Bu tahliye olayı, Okyanus ötesi egemen güçlerce planlanan, AKP-Cemaat-PKK koalisyonunun yürüttüğü “Büyük(Genişletilmiş) Ortadoğu Projesinin” artık dikiş tutmadığını ve yürütülemeyeceğini, koalisyonca uygulamaya sokulan yargı terörü ve siyasal şantaj operasyonunun yarattığı kirliliğin temizlenmesi açısından önemli bir başlangıç olarak kabul edilmelidir.
Cumhuriyet'in tasfiyesiyle birlikte, AKP-Cemaat- PKK arasında rant paylaşımı ve egemenlik alanlarının genişletilmesi üzerinden yürütülen çatışmada, bu koalisyonun ihanetleri bir bir ortaya döküldükçe toplumsal huzursuzluk, bağlı olarak toplumsal muhalefetin giderek ivme kazanacağı açıktır.
AKP-Cemaat- PKK koalisyonu arada bir, tertip ve düzmece mahkemelerle esir aldığı tutuklulardan bir kaçını serbest bırakarak, yükselen toplumsal muhalefeti,  yurtsever, devrimci-demokrat güçlerin birikimini, yıllar süren hukuk katliamını unutturabileceklerini sanıyorlarsa kendileri aldanıyorlar ama bizleri aldatamayacaklardır.  Bu aşamadan sonra AKP iktidarı, yargıyı siyasal şantajın aracı olarak kullanması olanaksızdır. 
Diğer yandan “yetmez ama evet”çi, gericiliğin yedek güçleri,  alçak ve utanmaz yandaşlar, Mustafa Balbay’ın tahliyesine ortam yaratan Anayasa Mahkemesi’ne bireysel başvuru hakkını , kendilerinin canhıraş destekledikleri Anayasa değişikliğine borçlu olduğumuzu söyleyerek, yükselen toplumsal muhalefeti etkisiz kılma çaba ve gayretine yönelmişlerdir.
Ama asla unutulmamalı ki, Mustafa Balbay’ın tahliyesi için Anayasa Mahkemesi kararına gerek yoktu.

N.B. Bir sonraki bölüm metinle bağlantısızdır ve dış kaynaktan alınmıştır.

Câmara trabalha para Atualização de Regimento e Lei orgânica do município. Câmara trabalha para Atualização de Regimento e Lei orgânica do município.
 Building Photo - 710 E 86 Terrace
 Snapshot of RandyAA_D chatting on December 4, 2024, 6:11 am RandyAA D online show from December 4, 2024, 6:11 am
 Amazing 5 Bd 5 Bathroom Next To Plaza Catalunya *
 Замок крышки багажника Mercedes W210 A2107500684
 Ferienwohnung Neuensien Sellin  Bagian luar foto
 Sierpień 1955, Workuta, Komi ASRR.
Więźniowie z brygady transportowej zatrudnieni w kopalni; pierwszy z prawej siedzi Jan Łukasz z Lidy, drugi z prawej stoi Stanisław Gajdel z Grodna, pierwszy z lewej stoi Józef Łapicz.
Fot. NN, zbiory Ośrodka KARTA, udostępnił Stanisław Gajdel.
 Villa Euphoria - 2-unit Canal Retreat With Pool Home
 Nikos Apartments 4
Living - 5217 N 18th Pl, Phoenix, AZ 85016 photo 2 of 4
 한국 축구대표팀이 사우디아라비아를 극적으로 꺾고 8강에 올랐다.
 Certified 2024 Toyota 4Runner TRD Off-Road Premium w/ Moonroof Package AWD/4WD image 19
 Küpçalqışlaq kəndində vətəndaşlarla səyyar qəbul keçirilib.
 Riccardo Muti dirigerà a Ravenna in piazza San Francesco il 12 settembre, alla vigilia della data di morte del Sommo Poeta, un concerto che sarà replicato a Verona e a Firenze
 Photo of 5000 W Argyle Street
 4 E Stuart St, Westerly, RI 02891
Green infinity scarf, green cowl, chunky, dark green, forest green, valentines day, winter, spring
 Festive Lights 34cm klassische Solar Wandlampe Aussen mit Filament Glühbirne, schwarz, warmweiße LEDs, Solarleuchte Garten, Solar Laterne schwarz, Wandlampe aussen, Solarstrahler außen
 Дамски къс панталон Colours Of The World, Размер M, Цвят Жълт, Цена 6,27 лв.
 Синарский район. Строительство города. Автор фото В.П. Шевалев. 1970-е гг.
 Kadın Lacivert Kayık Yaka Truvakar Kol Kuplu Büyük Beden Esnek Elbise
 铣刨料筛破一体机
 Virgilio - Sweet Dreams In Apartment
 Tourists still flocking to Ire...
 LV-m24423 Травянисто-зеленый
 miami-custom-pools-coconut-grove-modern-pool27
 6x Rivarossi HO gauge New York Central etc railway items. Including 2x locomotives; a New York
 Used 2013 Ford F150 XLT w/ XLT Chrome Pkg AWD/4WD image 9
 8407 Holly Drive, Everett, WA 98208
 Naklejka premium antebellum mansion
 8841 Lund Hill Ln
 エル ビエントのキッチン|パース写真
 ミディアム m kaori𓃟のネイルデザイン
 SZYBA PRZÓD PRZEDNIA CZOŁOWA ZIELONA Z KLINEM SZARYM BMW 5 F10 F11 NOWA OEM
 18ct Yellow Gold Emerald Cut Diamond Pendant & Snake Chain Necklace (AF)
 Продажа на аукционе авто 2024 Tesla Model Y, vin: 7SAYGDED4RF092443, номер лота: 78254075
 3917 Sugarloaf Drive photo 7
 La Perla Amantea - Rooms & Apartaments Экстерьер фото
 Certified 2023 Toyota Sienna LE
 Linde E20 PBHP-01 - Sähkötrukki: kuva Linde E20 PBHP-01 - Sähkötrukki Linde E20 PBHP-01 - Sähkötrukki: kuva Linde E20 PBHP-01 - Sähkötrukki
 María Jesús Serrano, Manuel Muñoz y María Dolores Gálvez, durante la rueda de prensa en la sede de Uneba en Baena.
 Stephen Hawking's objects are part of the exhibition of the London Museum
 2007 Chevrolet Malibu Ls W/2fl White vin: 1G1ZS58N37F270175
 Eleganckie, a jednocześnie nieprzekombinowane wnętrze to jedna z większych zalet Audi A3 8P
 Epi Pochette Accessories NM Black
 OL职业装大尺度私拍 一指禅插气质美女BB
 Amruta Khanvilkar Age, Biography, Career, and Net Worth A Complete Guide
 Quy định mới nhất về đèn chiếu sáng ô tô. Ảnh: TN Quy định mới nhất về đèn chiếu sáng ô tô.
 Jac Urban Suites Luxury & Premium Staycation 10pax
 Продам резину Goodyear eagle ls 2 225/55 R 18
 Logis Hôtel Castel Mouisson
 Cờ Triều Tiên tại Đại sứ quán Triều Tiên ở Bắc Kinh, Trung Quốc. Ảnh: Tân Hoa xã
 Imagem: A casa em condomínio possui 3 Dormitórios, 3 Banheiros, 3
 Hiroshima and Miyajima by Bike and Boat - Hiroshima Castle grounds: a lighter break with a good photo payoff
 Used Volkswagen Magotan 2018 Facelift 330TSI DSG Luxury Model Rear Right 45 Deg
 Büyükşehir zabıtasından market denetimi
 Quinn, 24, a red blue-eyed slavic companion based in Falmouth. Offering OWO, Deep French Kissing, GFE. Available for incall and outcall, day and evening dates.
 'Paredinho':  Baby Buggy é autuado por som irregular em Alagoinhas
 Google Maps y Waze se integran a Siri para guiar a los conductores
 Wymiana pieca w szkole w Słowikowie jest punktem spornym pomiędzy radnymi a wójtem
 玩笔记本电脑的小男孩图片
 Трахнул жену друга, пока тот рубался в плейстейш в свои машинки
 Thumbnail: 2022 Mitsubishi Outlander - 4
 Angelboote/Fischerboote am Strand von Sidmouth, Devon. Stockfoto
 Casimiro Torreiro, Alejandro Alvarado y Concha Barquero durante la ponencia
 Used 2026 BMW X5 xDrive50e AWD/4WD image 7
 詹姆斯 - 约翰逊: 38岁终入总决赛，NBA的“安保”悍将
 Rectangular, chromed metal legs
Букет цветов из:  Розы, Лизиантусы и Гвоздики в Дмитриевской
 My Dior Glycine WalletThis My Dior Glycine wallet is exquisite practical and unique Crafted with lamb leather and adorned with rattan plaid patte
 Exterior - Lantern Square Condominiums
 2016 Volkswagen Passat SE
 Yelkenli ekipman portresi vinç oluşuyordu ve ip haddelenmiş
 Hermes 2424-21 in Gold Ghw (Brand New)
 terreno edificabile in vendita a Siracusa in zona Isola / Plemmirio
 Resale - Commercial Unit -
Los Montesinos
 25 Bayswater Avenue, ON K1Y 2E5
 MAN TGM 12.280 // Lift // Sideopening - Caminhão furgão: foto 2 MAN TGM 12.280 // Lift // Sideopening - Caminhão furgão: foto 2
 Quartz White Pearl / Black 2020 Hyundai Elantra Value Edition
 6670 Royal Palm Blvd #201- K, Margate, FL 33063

Yürürlükteki Yazılı hukuk, İçerideki bütün milletvekillerinin özgür olması gerektiğini söylüyor.  Sefil ve alçakça bir utanmazlıkla, AKP-Cemaat koalisyonunun aldatıcı, yapay eylemlerine kimse alet olmayacaktır.
 AKP rejiminin siyasi davalarında tutuklanan ya da ceza alan herkes özgür olmalı. Siyasi görüşleri ne olursa olsun, sahte deliller, vicdanlarda yaralar açan yargılamalarla esir tutulan bütün mahkûmlar serbest bırakılmalıdır. AKP-Cemaat- PKK koalisyonunun ortaklaşa yürüttüğü hukuk terörü sonlandırılmalıdır.

                                                                    Mahmut ÖZYÜREK
ULUSAL EĞİTİM DERNEĞİ
ISPARTA ŞUBE BAŞKANI

11 Aralık 2013 Çarşamba

Muhalefet Etme Stratejisini AKP'lileşmek Üzerine Kuranlar!!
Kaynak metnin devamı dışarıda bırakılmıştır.